In practical terms, most stores will not sell their own products to consumers at "liquidation" prices. If you could go to Best Buy and buy a Liquidation Sale plasma TV for $600, no one would ever buy a brand new plasma for $2500 and the value of any flat screen TV would be reduced. Same thing with clothes, furniture, or anything else. Instead, stores sell their leftover inventory to liquidation stores, who in turn sell the products at a price in between the true liquidation price and the original price. Often, stores will require the labels to be removed from the products or to mark it in some way so that the perceived value is less than that of the product they have on their shelves.
LIFO Liquidation
When a company using the LIFO (Last In, First Out) method of inventory costing liquidates their older LIFO inventory. A LIFO liquidation would occur if current sales are higher than current purchases, as a result, any inventory not sold in previous periods must be liquidated.

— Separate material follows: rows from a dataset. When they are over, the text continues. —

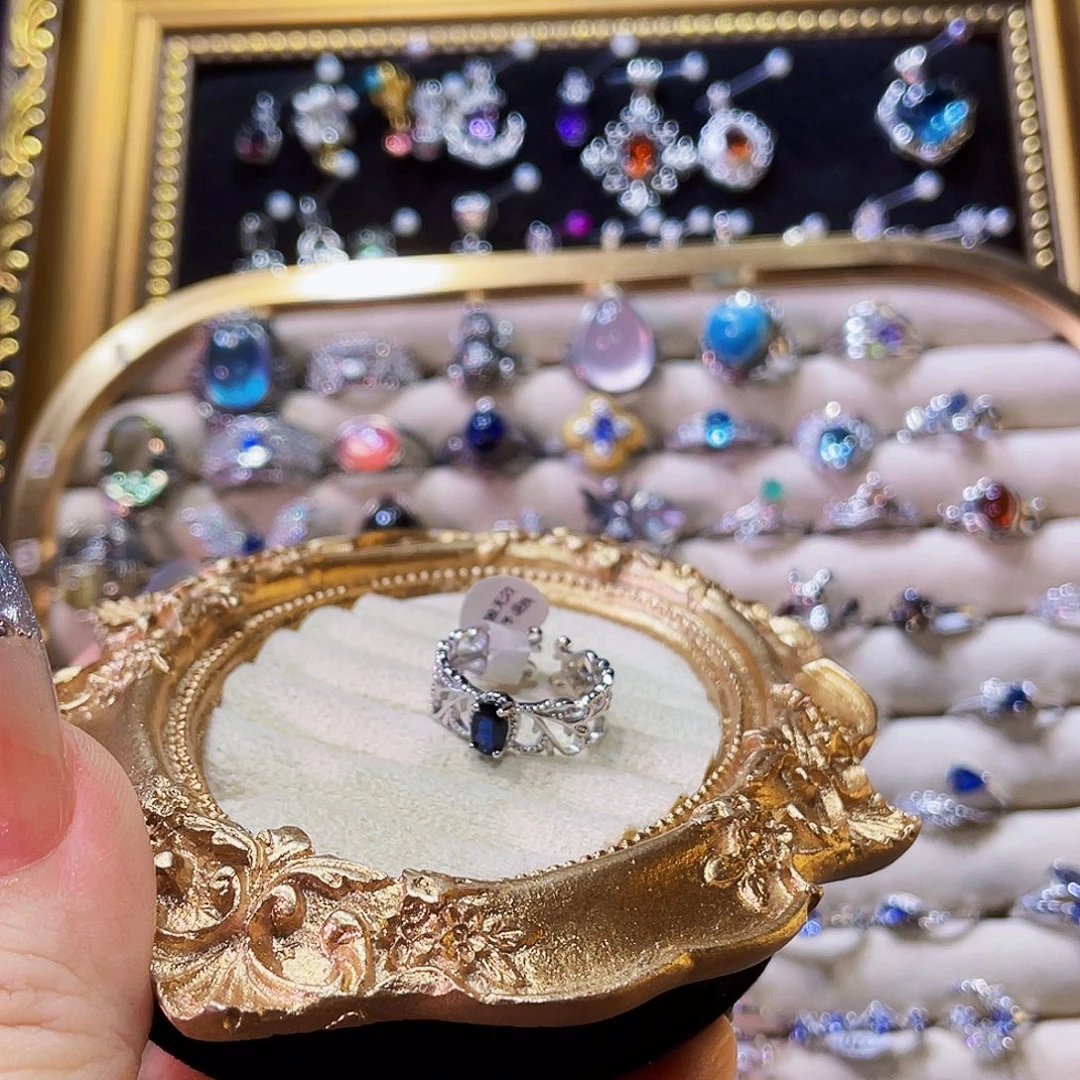 米***圆925银蓝色蕾丝戒指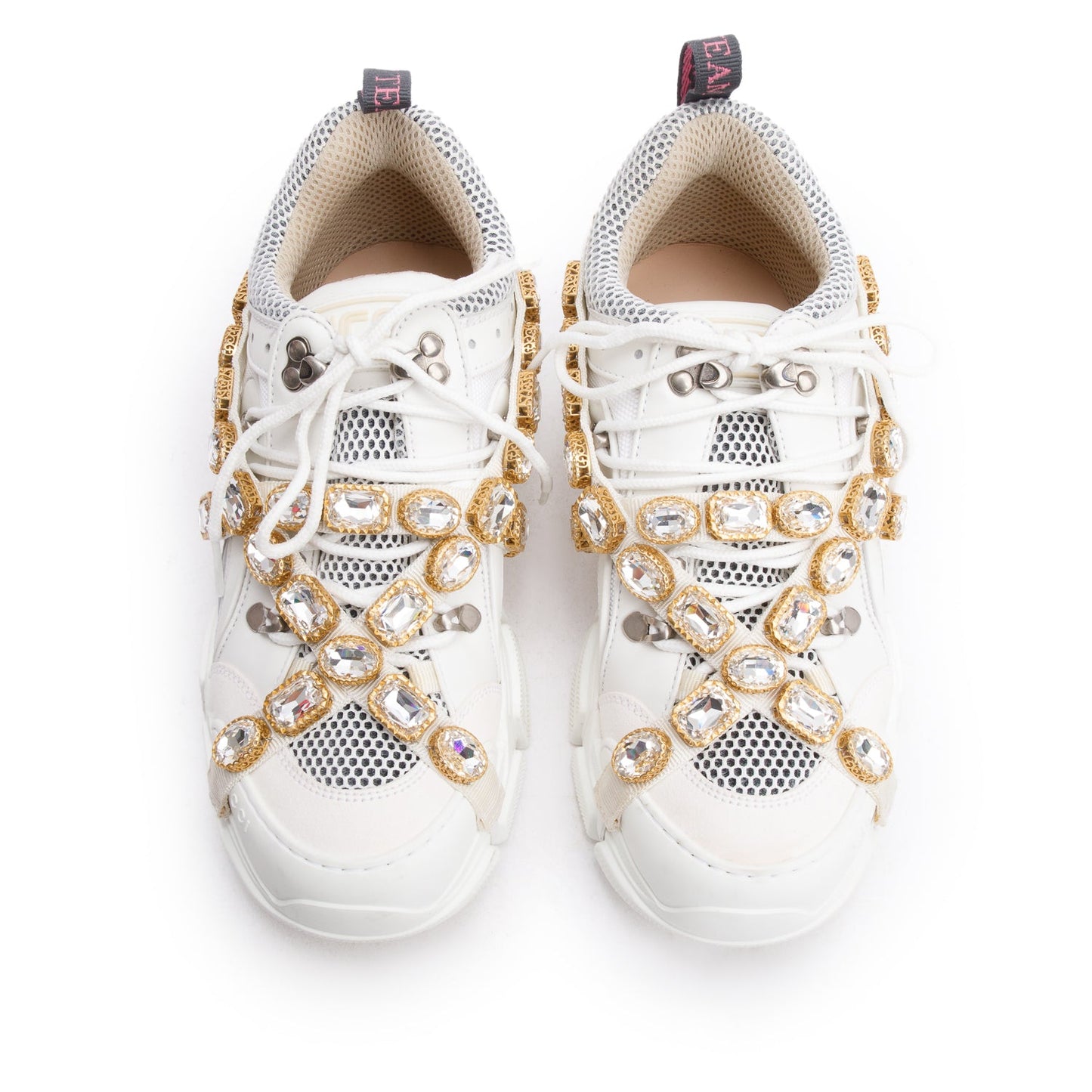 Gucci White Leather Crystal Flashtrek Chunky Sneakers, Size 40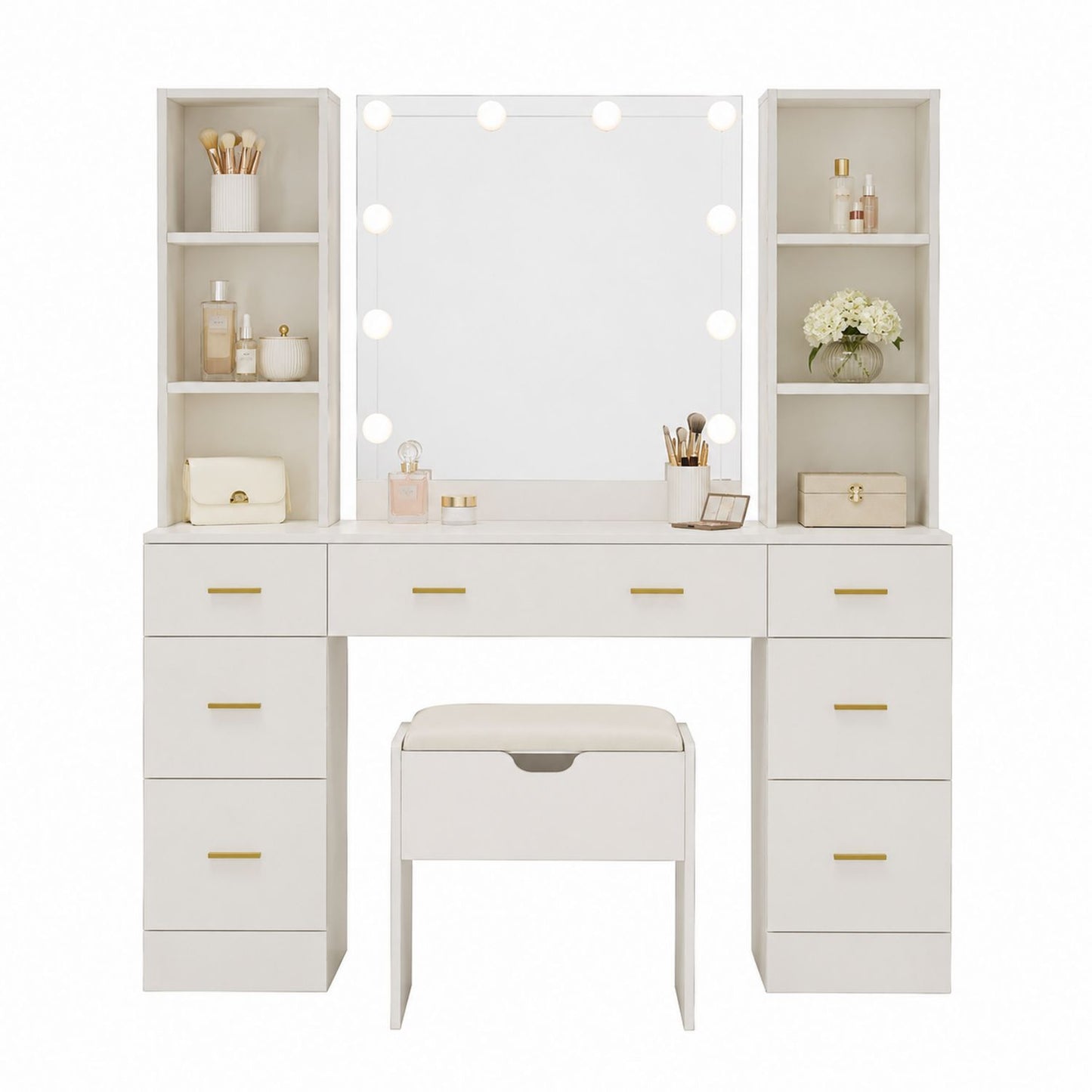 White MDF Vanity Set with Mirror and LED Lights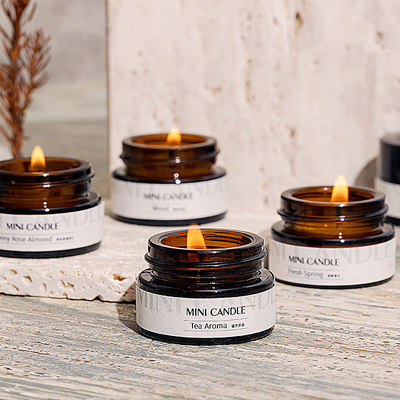 Aroma Mini Amber Glass 3oz Mason Jar Candle per la stazione termale di sonno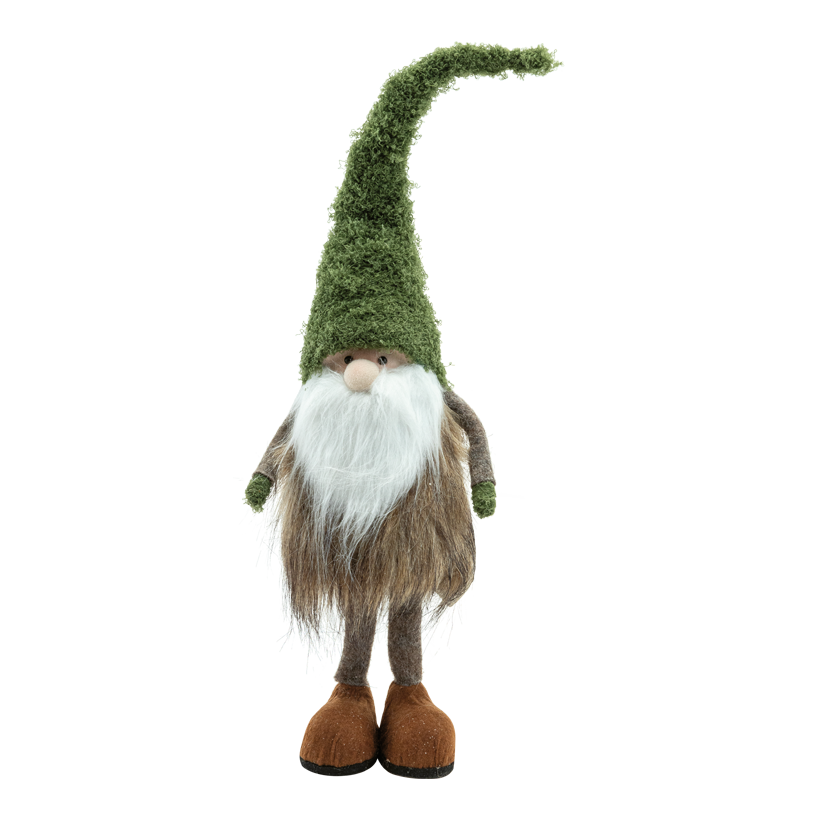 Gnome, 65x17x12cm out of styrofoam/textile, standing, glittering, arms flexible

When a company using the LIFO (Last In, First Out) method of inventory costing liquidates their older LIFO inventory. A LIFO liquidation would occur if current sales are higher than current purchases, as a result, any inventory not sold in previous periods must be liquidated.
Due to inflation and general price rises, the amount a company pays for its inventory will usually increase with time. If a company decides to perform a LIFO liquidation, the old costs will be matched with the current higher sales prices. Thus, a cost to using the LIFO liquidation method is higher tax liability if prices have risen since LIFO was adopted. The expected tax advantage of LIFO tunrs into a disadvantage because older, lower costs (of older inventory) are matched with current revenues. Another cost may be lost sales.